Vircurex, a Beijing-based altcoin exchange, has frozen withdrawals after, you guessed it, thieving hackers made off with its bitcoins, litecoins, terracoins and feathercoins. The exchange is pretty small, but its strategy for dealing with insolvency is hilarious enough to share nonetheless.
Vircurex has been operating as fractional reserve for sometime, and due to a run is now ending withdrawals. https://t.co/C8rizSD7wq
— Ryan X. Charles (@ryanxcharles) March 23, 2014
So here’s Vircurex’s plan. Note the clever use of the term “frozen funds” as a stand-in for “IOU”:
1. We will introduce an additional balance type called “Frozen Funds”. Funds in this balance type cannot be used to trade or withdraw. Those are the balances that the exchange will gradually pay back and hence transfer back to the available balance over time.
2. We will move all current balances for BTC, LTC, TRC and FTC to the “Frozen Balance”, i.e. your balance will be set to 0.
3. We’ll take the current available cold storage balance and distribute it based on the below described distribution logic.
4. Monthly we will take the net profit of the exchange and credit back that amount distributed to the users based on the described distribution logic.
In other words, having demonstrated its incompetence in protecting its customers’ money, Vircurex is now banking on new customers flocking to its service to generate enough profit to pay off the first lot.
I don’t personally think Bitcoin is, as some see it, a Ponzi scheme.

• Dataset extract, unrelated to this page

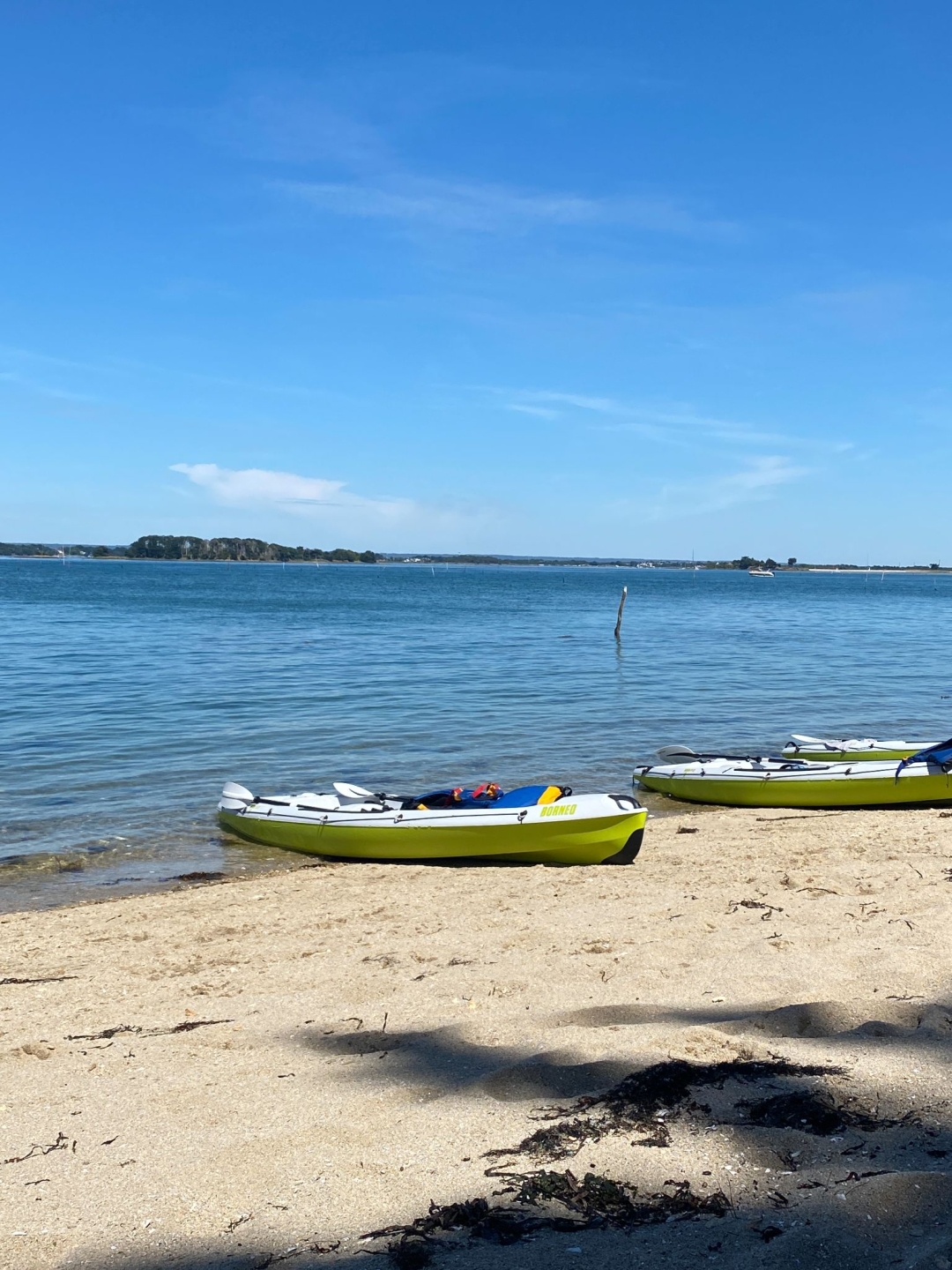 Picture 6 of announcement 16407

But with logic such as the above on display, it’s not hard to see why some view it that way — and the faster outfits like this clear out, the better things will be for the credibility of the wider Bitcoin ecosystem.
Anyhow, it’s entertaining to see that MtGox, with its “Oh sorry we forgot about those 200,000 bitcoins” approach to bookkeeping, doesn’t have a monopoly on failed-Bitcoin-exchange comedy.